[TASK TO CARRY OUT]:
Only the text belongs in the copy: retype each record exactly as it appears.
Segment Open
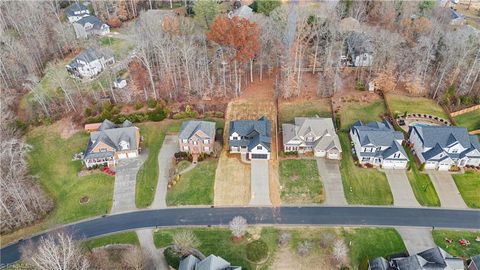 A home in Clemmons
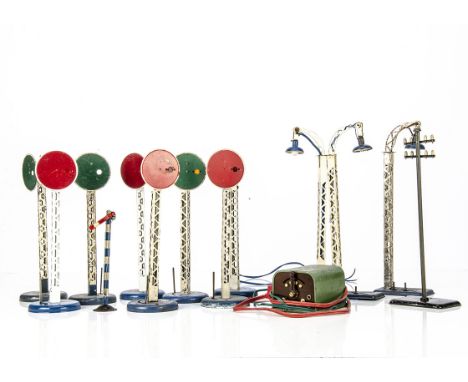 French Hornby O Gauge Disc Signals Yard Lamps and Transformer, five red disc signals (one with detached disc) and three green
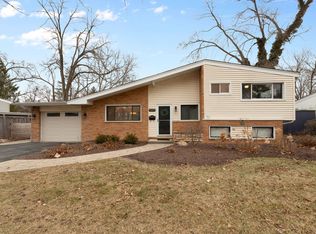 525 Mallard Ln, Deerfield, IL 60015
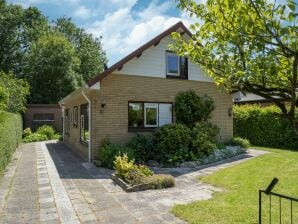 Maison de vacances Maison située au calme avec piscine commune à Baarland - Pays de Baar - image1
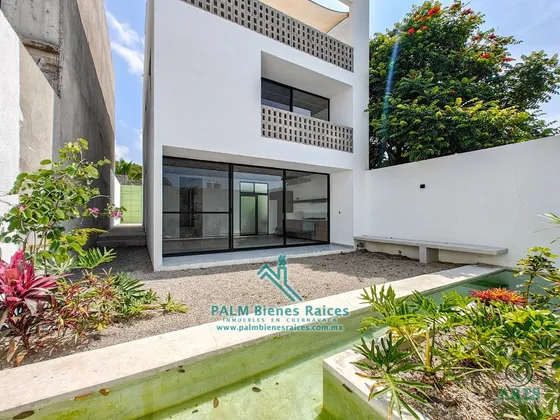 Casa Sola Con Alberca Y Jardín Privados, 4 Recámaras, 4 Baños, 2 Estacionamientos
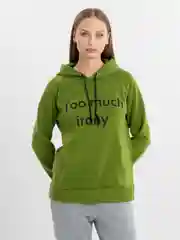 Зеленый женский костюм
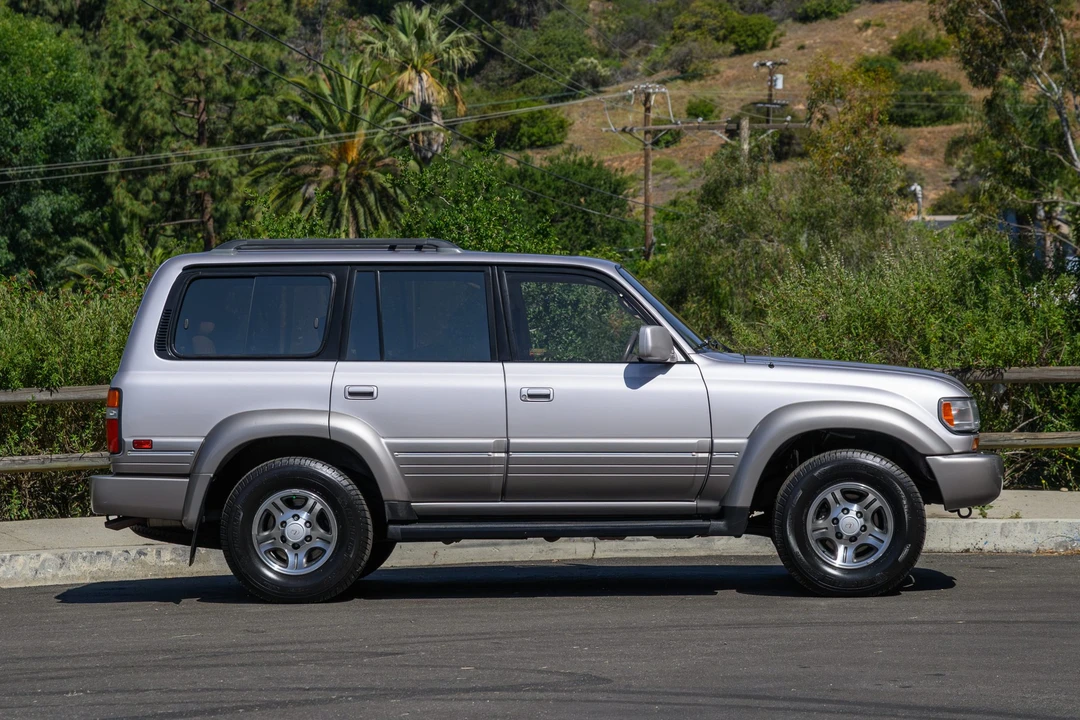 1997 Lexus LX 1st Gen - Image 12 of 31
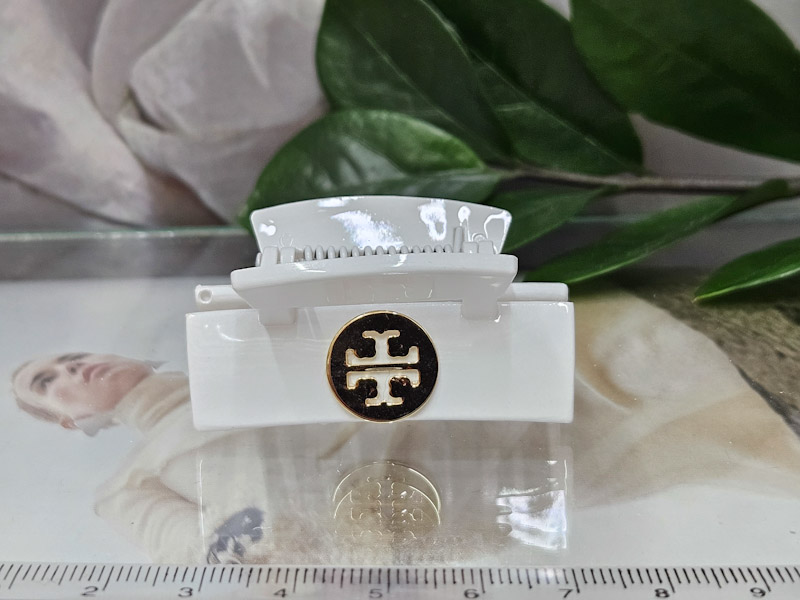 Заколка 1801005500071: цена 250 рублей.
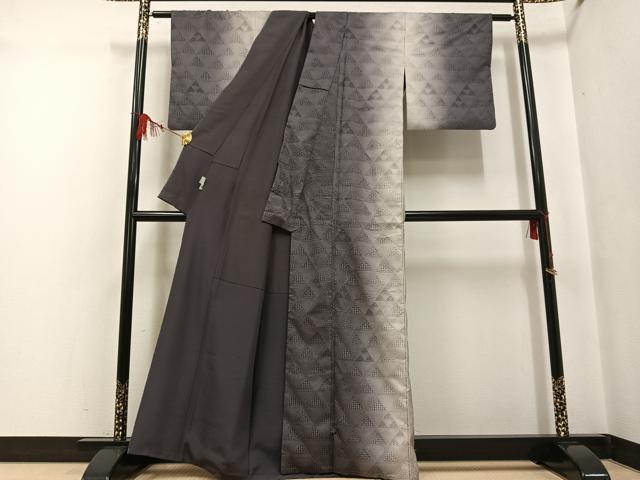 平和屋着物●上質な紬　中国三大刺繍　汕頭刺繍　スワトウ刺繍　鱗　暈し染め　正絹　逸品　AABF8733ph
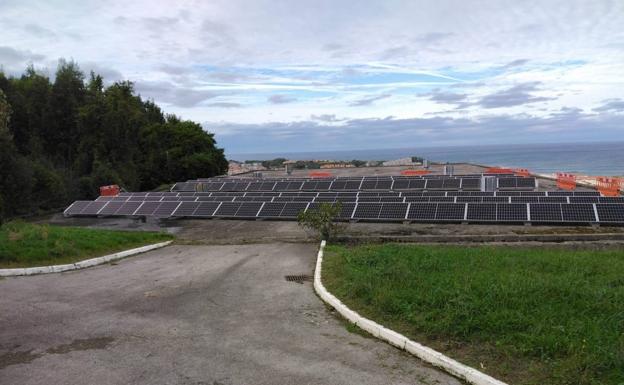 Obras Públicas instalará paneles solares en las depuradoras para fomentar el ahorro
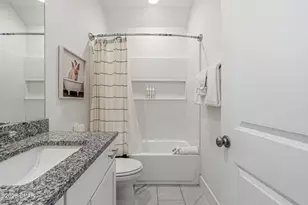 2701 Lagoon Mnr Dr, Panama City, FL 32408 - Photo 36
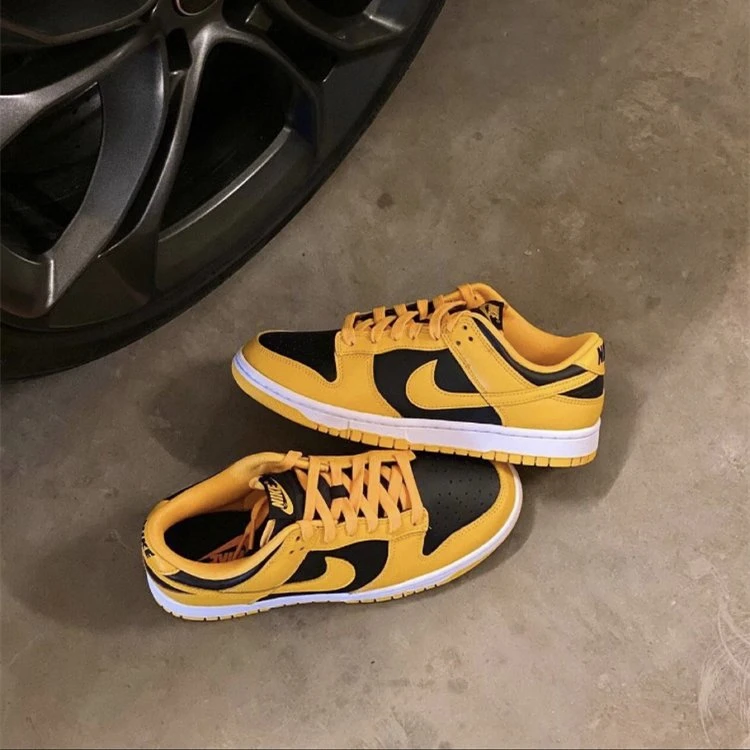 Men Yellow Black Nike Dunk Sb Low Casual Nike Shoes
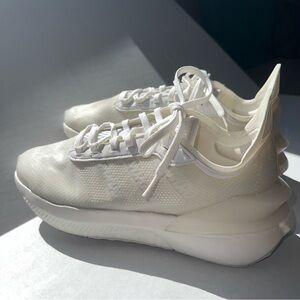 Adidas Avryn Sneakers Women's White Athletic Shoes Size 7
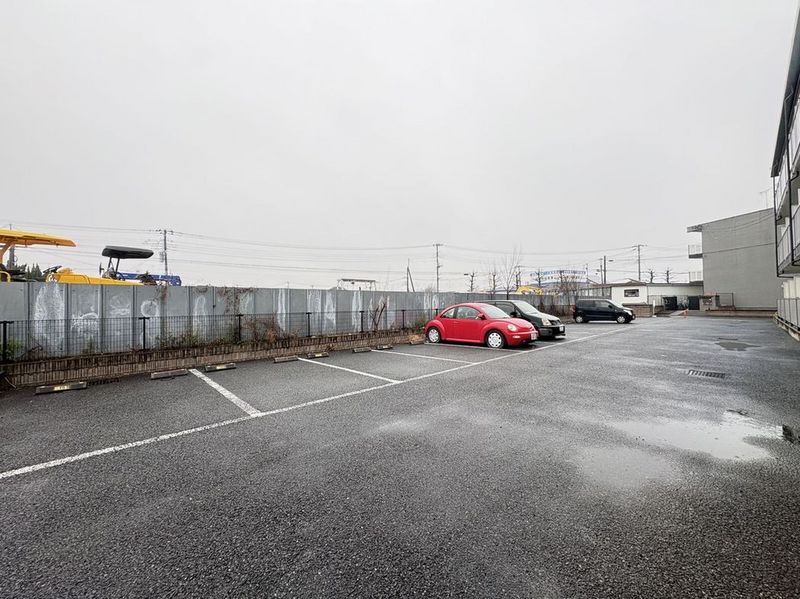 leopalace River Park 停车场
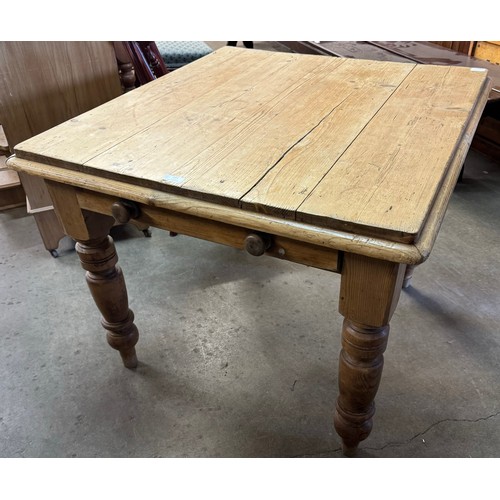 221 - A Victorian pine single drawer pantry table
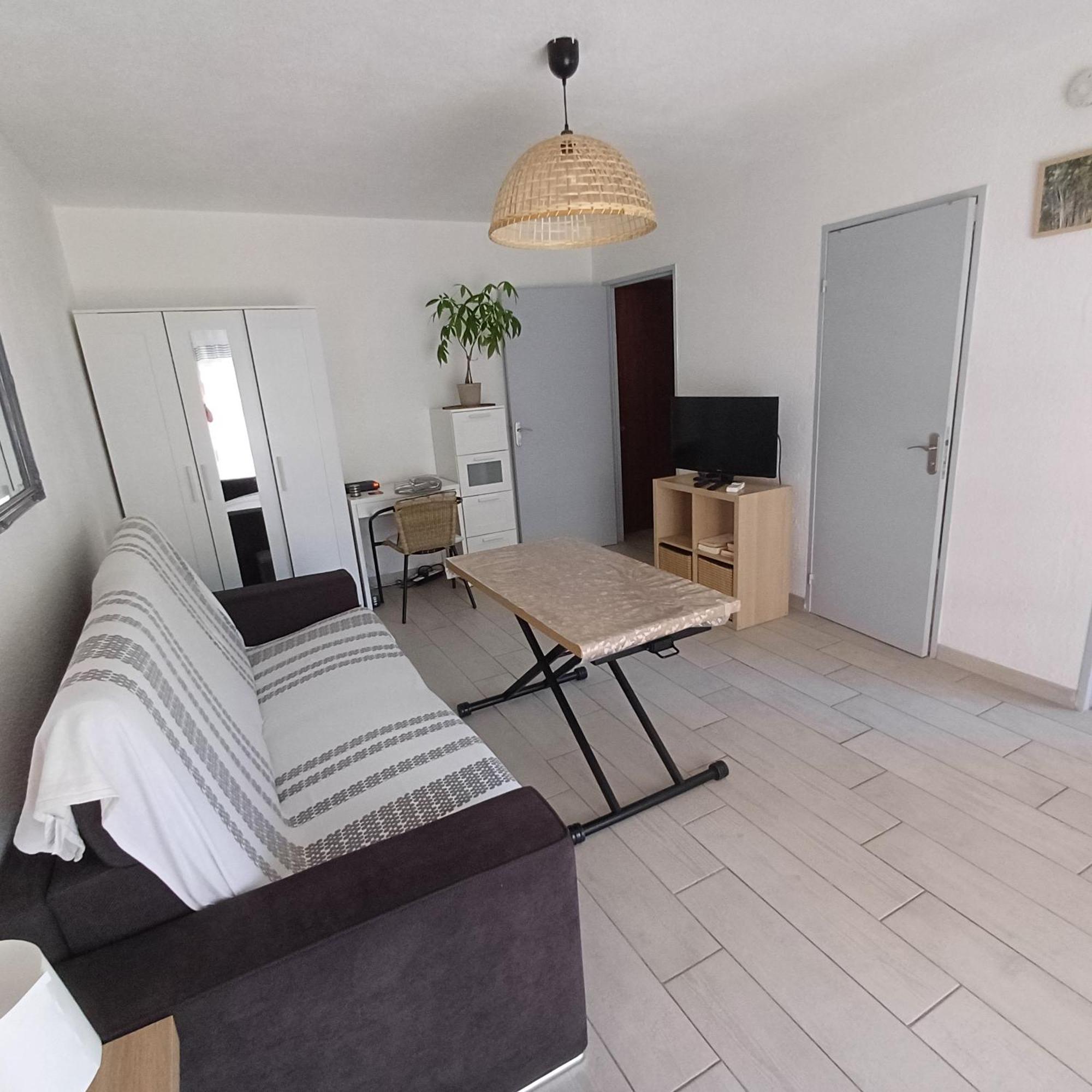 F1 A 5 Minutes Des Plages Et De La Gare Vallauris Exterior photo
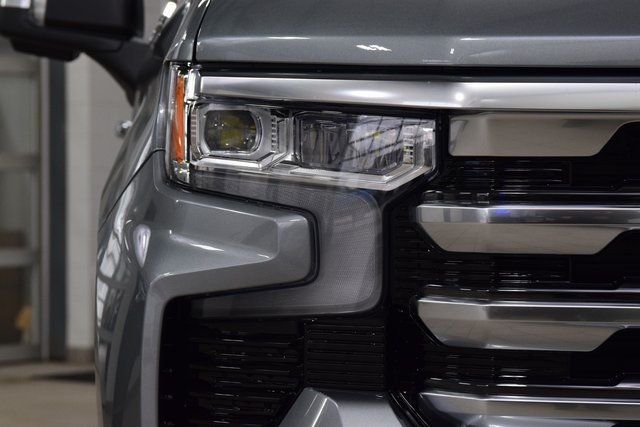 2026 Chevrolet Silverado 1500 4WD Crew Cab 147" High Country - 22946656 - 11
Segment Closed
[RESPONSE TO THIS TASK]:
 A home in Clemmons
 French Hornby O Gauge Disc Signals Yard Lamps and Transformer, five red disc signals (one with detached disc) and three green
 525 Mallard Ln, Deerfield, IL 60015
 Maison de vacances Maison située au calme avec piscine commune à Baarland - Pays de Baar - image1
 Casa Sola Con Alberca Y Jardín Privados, 4 Recámaras, 4 Baños, 2 Estacionamientos
 Зеленый женский костюм
 1997 Lexus LX 1st Gen - Image 12 of 31
 Заколка 1801005500071: цена 250 рублей.
 平和屋着物●上質な紬　中国三大刺繍　汕頭刺繍　スワトウ刺繍　鱗　暈し染め　正絹　逸品　AABF8733ph
 Obras Públicas instalará paneles solares en las depuradoras para fomentar el ahorro
 2701 Lagoon Mnr Dr, Panama City, FL 32408 - Photo 36
 Men Yellow Black Nike Dunk Sb Low Casual Nike Shoes
 Adidas Avryn Sneakers Women's White Athletic Shoes Size 7
 leopalace River Park 停车场
 221 - A Victorian pine single drawer pantry table
 F1 A 5 Minutes Des Plages Et De La Gare Vallauris Exterior photo
 2026 Chevrolet Silverado 1500 4WD Crew Cab 147" High Country - 22946656 - 11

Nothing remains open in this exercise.